CHP İstanbul Milletvekili Oğuz Kaan Salıcı, toplumsal medya hesabından açıklamada bulundu. Kurultay tartışmalarına değinen Salıcı, şu sözleri kullandı;
*Sayın Genel Başkanımızın kararlarıyla yürütülen parti siyasetlerinin, Partimizin her kademesinde ve seçmenlerimiz ortasında açtığı tartışmayı üzülerek gözlemliyorum. Edirne’den Kars’a kadar gayret arkadaşlarımız partimizin siyasi rotasına ait telaşlarını benimle ve arkadaşlarımla paylaşıyor.
*Amacım Sayın Genel Başkanımızla polemik yapmak değildir. Sayın Genel Başkanımızın, partisinin bir milletvekiliyle basın üzerinden polemik yapmasını da uygun bulmam.
*Görülmektedir ki, partililerimiz ortasında rahatsızlık yaratan olağanlaşma süreci, Erdoğan’ın kaybettiği lokal seçimin akabinde kendisine çok pahalı bir vakit kazandırmıştır. Buna karşın her platformda olağanlaşmanın savunulmasının nedeni anlaşılamamaktadır.
*‘Normalleşme’ vaadi ne Kurultay’da ne de 31 Mart seçimlerinden evvel lisana getirilmiştir. Seçim, olağanlaşma vaadiyle kazanılmamıştır. Cumhuriyet Halk Partisi’nin yakın geçmişte iktidar partisine oy veren seçmene yönelik olarak ‘normal olmayan’ bir siyaset izlediği argümanı fakat iktidar yandaşlarına ilişkin olabilir.
KAYYUM VURGUSU
*Milletvekillerine hiçbir açıklama yapılmadan Erdoğan’ın önünde ayağa kalkmalarının istenmesi de parti örgütümüzce sorgulanmaktadır.
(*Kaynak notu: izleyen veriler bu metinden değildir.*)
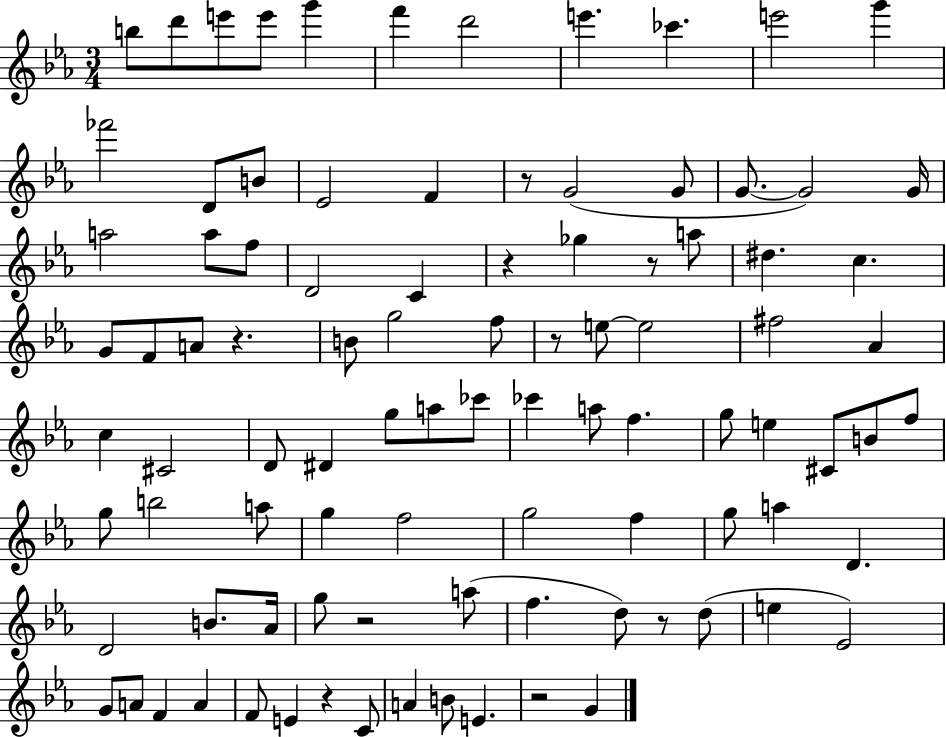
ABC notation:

X:1
T:Untitled
M:3/4
L:1/4
K:Eb
b/2 d'/2 e'/2 e'/2 g' f' d'2 e' _c' e'2 g' _f'2 D/2 B/2 _E2 F z/2 G2 G/2 G/2 G2 G/4 a2 a/2 f/2 D2 C z _g z/2 a/2 ^d c G/2 F/2 A/2 z B/2 g2 f/2 z/2 e/2 e2 ^f2 _A c ^C2 D/2 ^D g/2 a/2 _c'/2 _c' a/2 f g/2 e ^C/2 B/2 f/2 g/2 b2 a/2 g f2 g2 f g/2 a D D2 B/2 _A/4 g/2 z2 a/2 f d/2 z/2 d/2 e _E2 G/2 A/2 F A F/2 E z C/2 A B/2 E z2 G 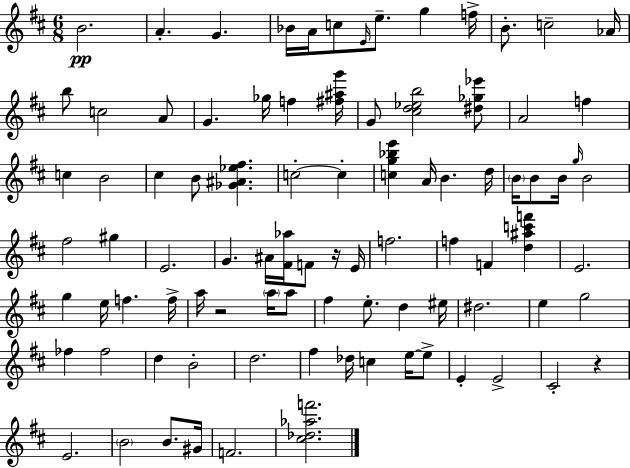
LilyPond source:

{
  \clef treble
  \numericTimeSignature
  \time 6/8
  \key d \major
  \repeat volta 2 { b'2.\pp | a'4.-. g'4. | bes'16 a'16 c''8 \grace { e'16 } e''8.-- g''4 | f''16-> b'8.-. c''2-- | \break aes'16 b''8 c''2 a'8 | g'4. ges''16 f''4 | <fis'' ais'' g'''>16 g'8 <cis'' d'' ees'' b''>2 <dis'' ges'' ees'''>8 | a'2 f''4 | \break c''4 b'2 | cis''4 b'8 <ges' ais' ees'' fis''>4. | c''2-.~~ c''4-. | <c'' g'' bes'' e'''>4 a'16 b'4. | \break d''16 \parenthesize b'16 b'8 b'16 \grace { g''16 } b'2 | fis''2 gis''4 | e'2. | g'4. ais'16 <fis' aes''>16 f'8 | \break r16 e'16 f''2. | f''4 f'4 <d'' ais'' c''' f'''>4 | e'2. | g''4 e''16 f''4. | \break f''16-> a''16 r2 \parenthesize a''16 | a''8 fis''4 e''8.-. d''4 | eis''16 dis''2. | e''4 g''2 | \break fes''4 fes''2 | d''4 b'2-. | d''2. | fis''4 des''16 c''4 e''16~~ | \break e''8-> e'4-. e'2-> | cis'2-. r4 | e'2. | \parenthesize b'2 b'8. | \break gis'16 f'2. | <cis'' des'' aes'' f'''>2. | } \bar "|."
} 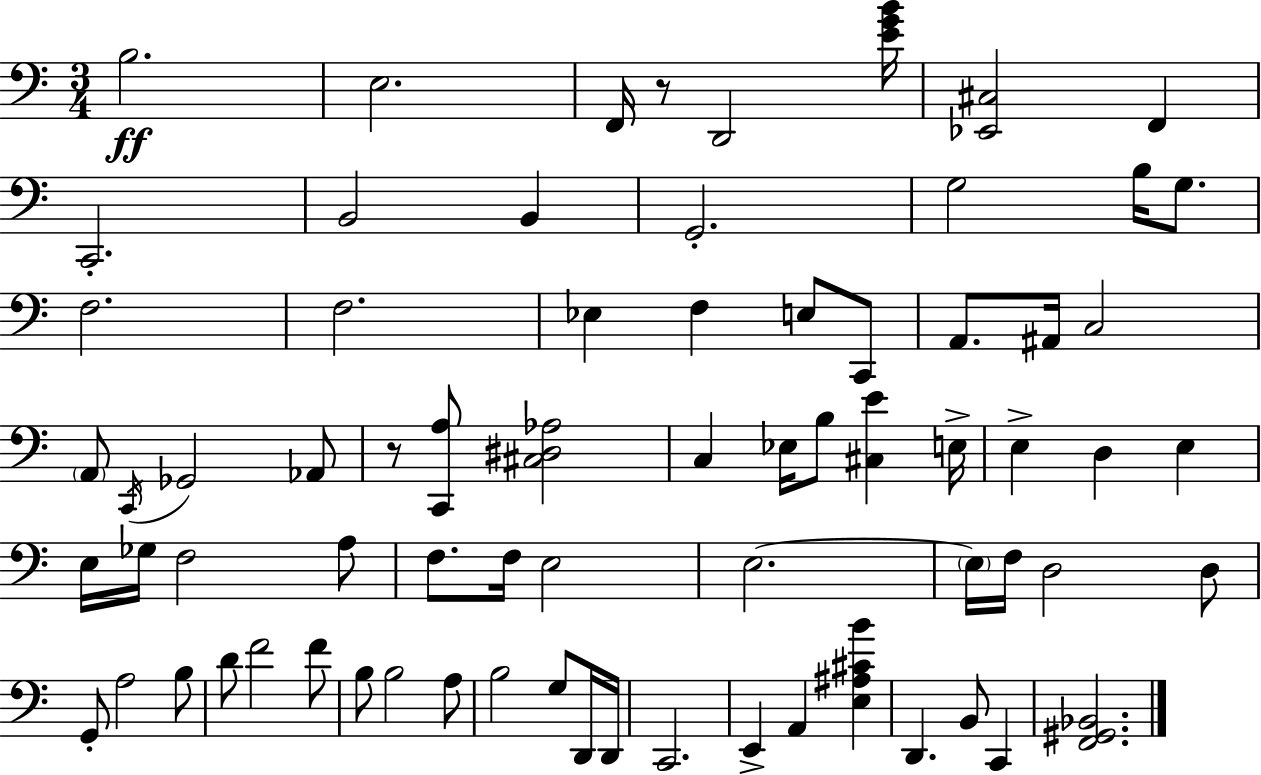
{
  \clef bass
  \numericTimeSignature
  \time 3/4
  \key a \minor
  b2.\ff | e2. | f,16 r8 d,2 <e' g' b'>16 | <ees, cis>2 f,4 | \break c,2.-. | b,2 b,4 | g,2.-. | g2 b16 g8. | \break f2. | f2. | ees4 f4 e8 c,8 | a,8. ais,16 c2 | \break \parenthesize a,8 \acciaccatura { c,16 } ges,2 aes,8 | r8 <c, a>8 <cis dis aes>2 | c4 ees16 b8 <cis e'>4 | e16-> e4-> d4 e4 | \break e16 ges16 f2 a8 | f8. f16 e2 | e2.~~ | \parenthesize e16 f16 d2 d8 | \break g,8-. a2 b8 | d'8 f'2 f'8 | b8 b2 a8 | b2 g8 d,16 | \break d,16 c,2. | e,4-> a,4 <e ais cis' b'>4 | d,4. b,8 c,4 | <f, gis, bes,>2. | \break \bar "|."
} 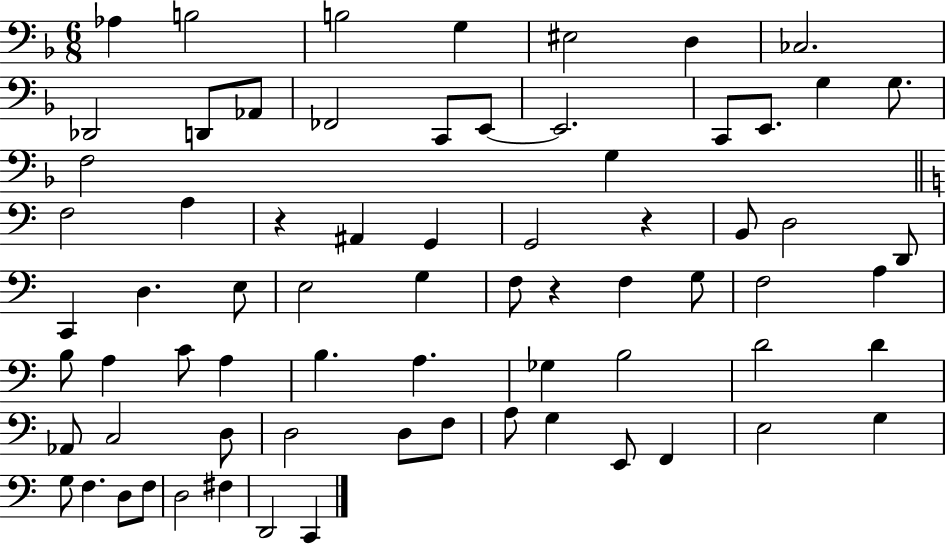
Ab3/q B3/h B3/h G3/q EIS3/h D3/q CES3/h. Db2/h D2/e Ab2/e FES2/h C2/e E2/e E2/h. C2/e E2/e. G3/q G3/e. F3/h G3/q F3/h A3/q R/q A#2/q G2/q G2/h R/q B2/e D3/h D2/e C2/q D3/q. E3/e E3/h G3/q F3/e R/q F3/q G3/e F3/h A3/q B3/e A3/q C4/e A3/q B3/q. A3/q. Gb3/q B3/h D4/h D4/q Ab2/e C3/h D3/e D3/h D3/e F3/e A3/e G3/q E2/e F2/q E3/h G3/q G3/e F3/q. D3/e F3/e D3/h F#3/q D2/h C2/q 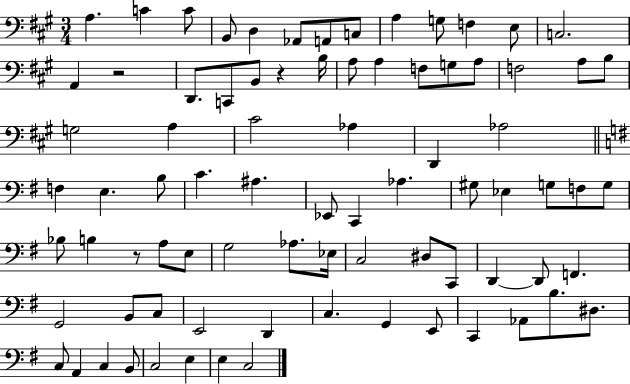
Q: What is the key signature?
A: A major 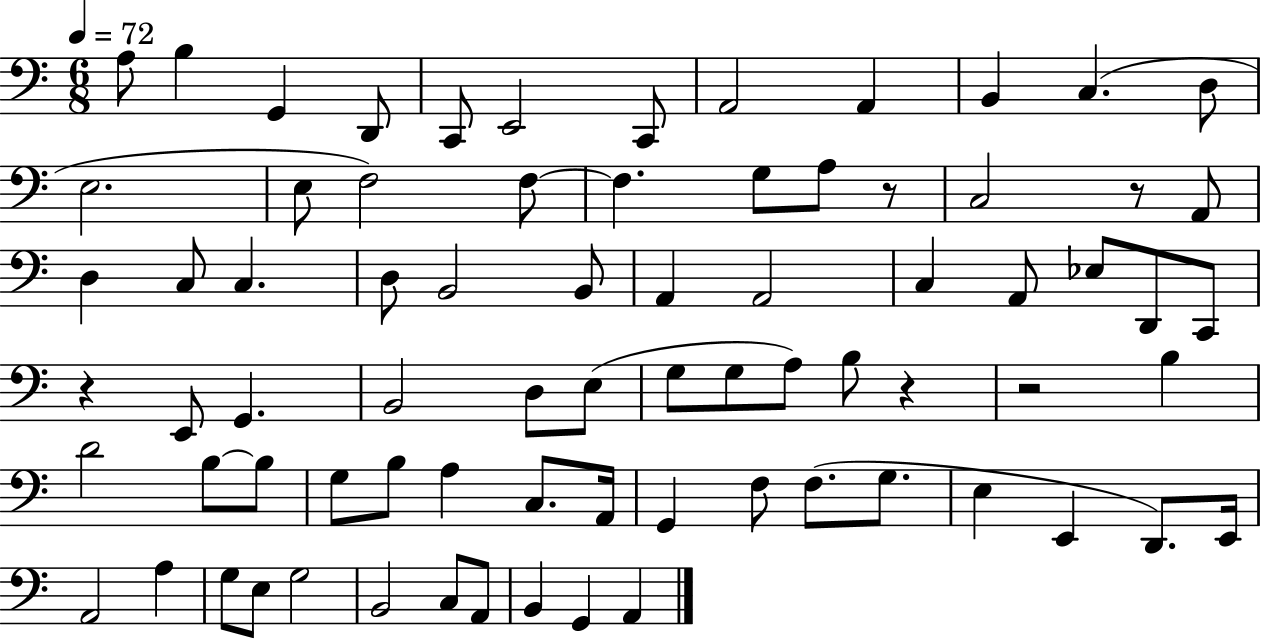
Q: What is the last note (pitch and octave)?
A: A2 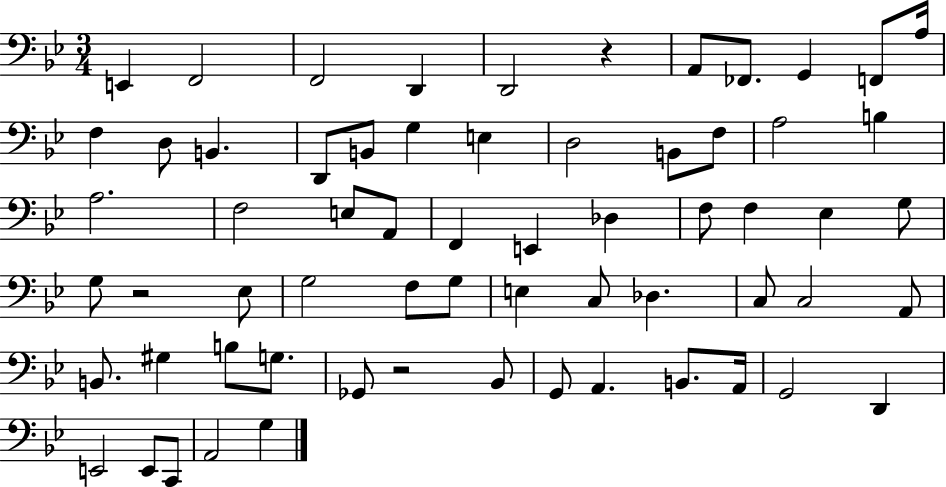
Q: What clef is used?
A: bass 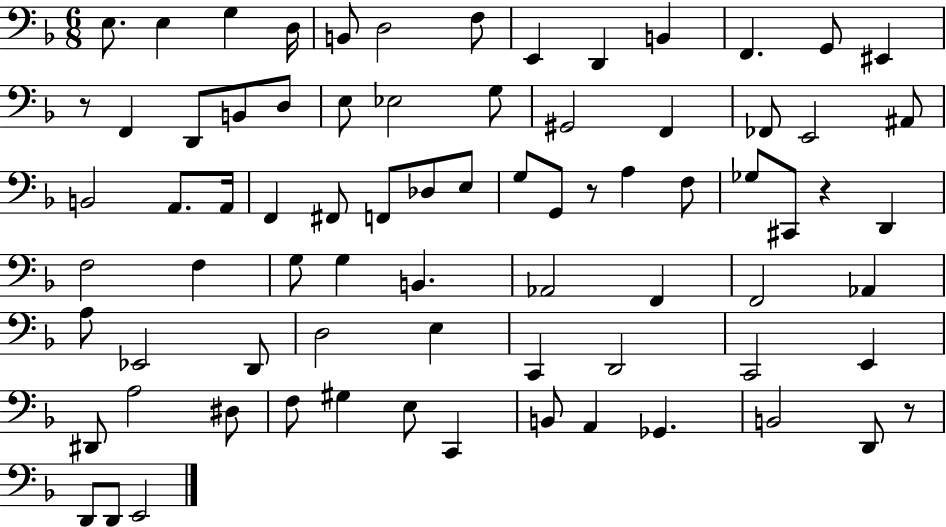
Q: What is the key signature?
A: F major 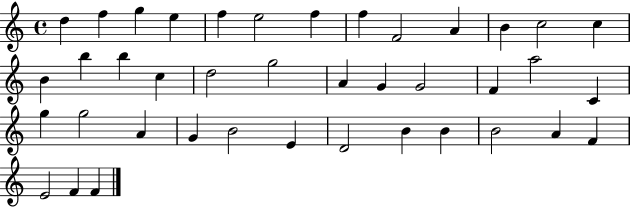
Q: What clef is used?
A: treble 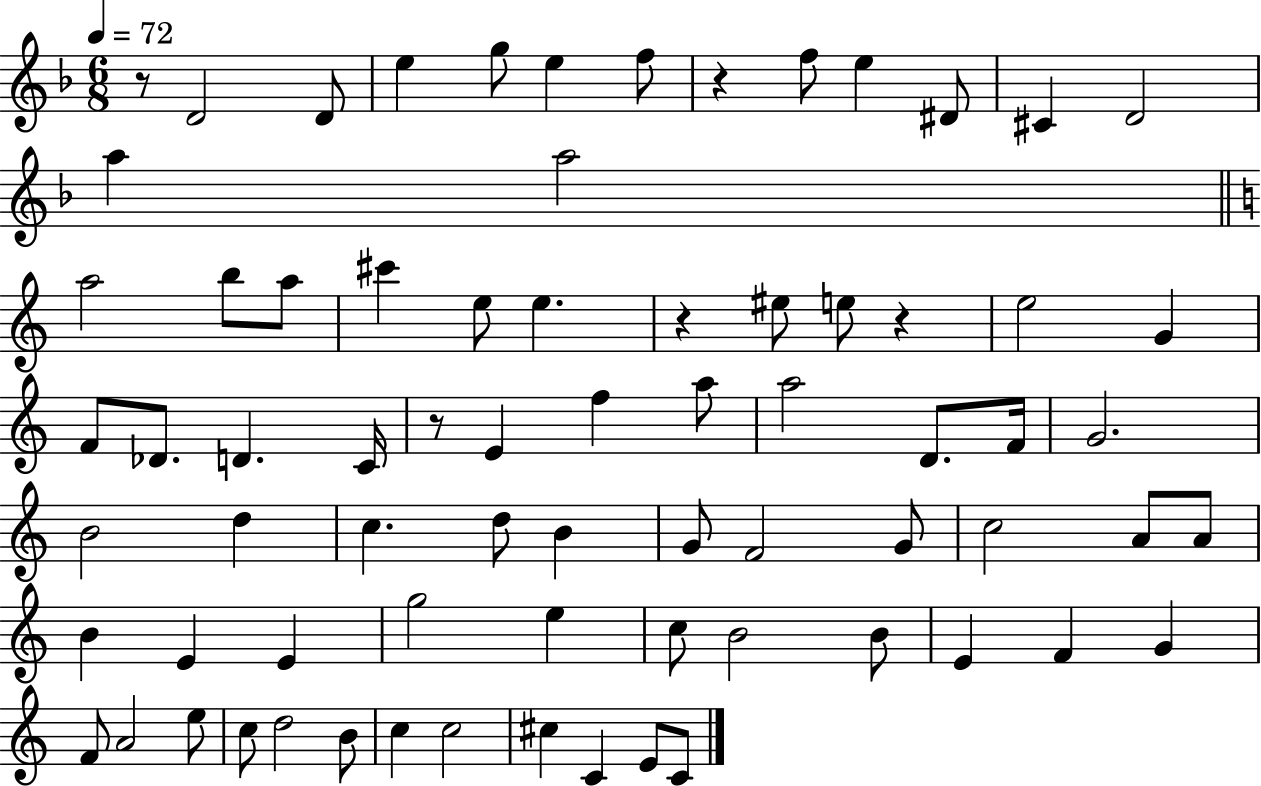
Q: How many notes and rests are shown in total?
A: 73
Sonuç olarak görülmüştür ki, TBMM Genel Kurulu’nda belediyemize kayyım atayan iradenin önünde ayağa kalkılmıştır.
*Kayyım atanmasını protesto mitinglerinde bir başka siyasi parti ile paylaşılan kürsü, parti tabanımızda rahatsızlık yaratmıştır.
*Sayın Genel Liderimizin neredeyse her açıklamasının akabinde, ne demek istediğini izah etmek durumunda kalması makamına yakışmamaktadır.
*Erdoğan’la el sıkışılırken, Bahçeli’yle ‘siyasetin gereği’ diye şakalaşılırken hayata soldan bakan Türkiye İşçi Partisi’ne küçümseyici bir lisanla cephe açılmasındaki ‘stratejik’ beklenti merak edilmektedir.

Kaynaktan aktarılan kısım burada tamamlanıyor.